Von Martin Erdmann · 31.12.2005
Das Sonett ist eine europäische Gedichtgattung mit einer erstaunlichen Geschichte. Erfunden wurde es, nach allem, was man weiß, im 13. Jahrhundert am Hofe des Stauferkaisers Friedrich des Zweiten in Neapel, und es hält sich bis heute. Es wanderte in alle Literatursprachen Europas bis nach Georgien und China.
Manchmal geriet es in Mode und erregte den Unmut zum Beispiel Goethes, dessen berühmte Zeile "In der Beschränkung zeigt sich erst der Meister" allerdings nicht nur selbst aus einem Sonett stammt, sondern auch einen wesentlichen Zug dieser Gattung zusammenfasst: die Beschränkung auf 14 Zeilen in einer vorgegebenen Anordnung.

Dabei hat das Sonett inhaltlich eine große Vielfalt erreicht: War es bei Francesco Petrarca noch vorwiegend Liebeslyrik, so kommt bei William Shakespeare die Reflexion über das eigene Schreiben hinzu. Charles Baudelaire erkundet im Sonett die Blumen des Bösen und des Hässlichen. Rainer Maria Rilke benutzt das Sonett für Beobachtungen an Alltagsgegenständen.
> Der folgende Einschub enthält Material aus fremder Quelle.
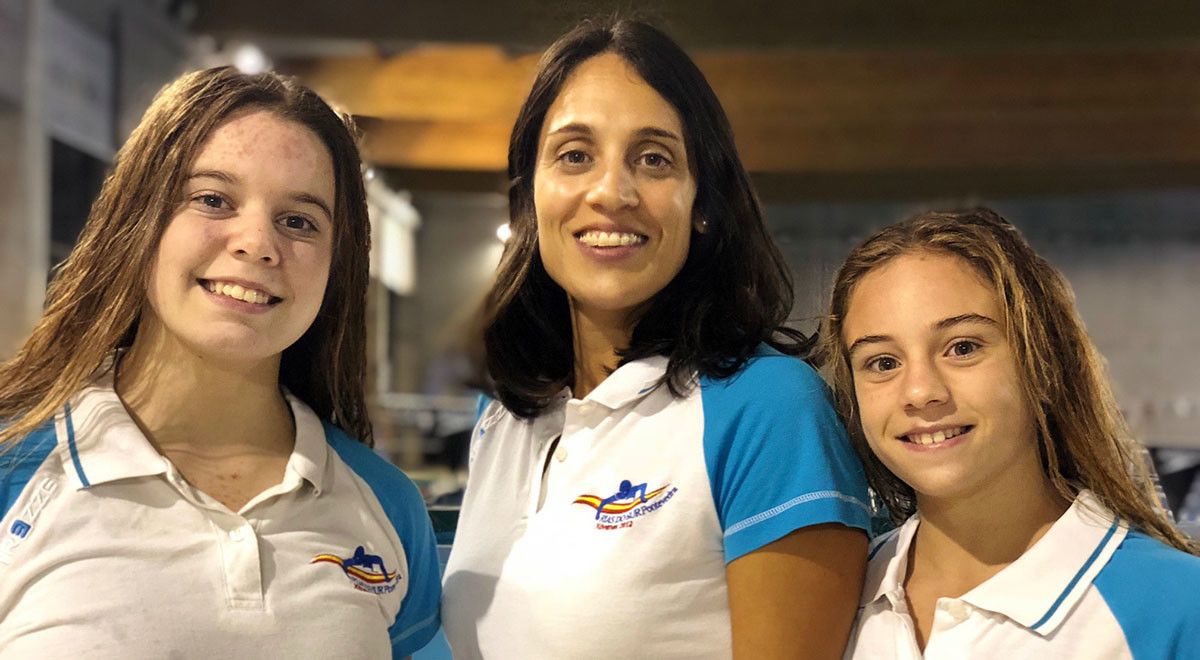Andrea Pazos e Sara Villanueva coa súa adestradora, Diana Fernández Garrido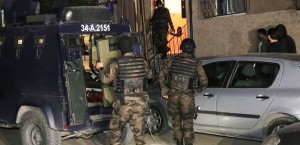 istanbulda_genis_capli_teror_operasyonu_1416364494_8274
Dies sind nur ein paar Stationen auf einer kleinen Reise durch die Geschichte des Sonetts, von seinem ersten bedeutenden Repräsentanten Petrarca bis in die unmittelbare Gegenwart über zwei Kontinente hinweg in sieben verschiedenen Sprachen. Das Wort Sonett kommt vom italienischen "sonare", klingen, und es bot in allen Sprachen seinen Dichtern immer wieder eine Möglichkeit auzuprobieren, wie die eigene Sprache klingt.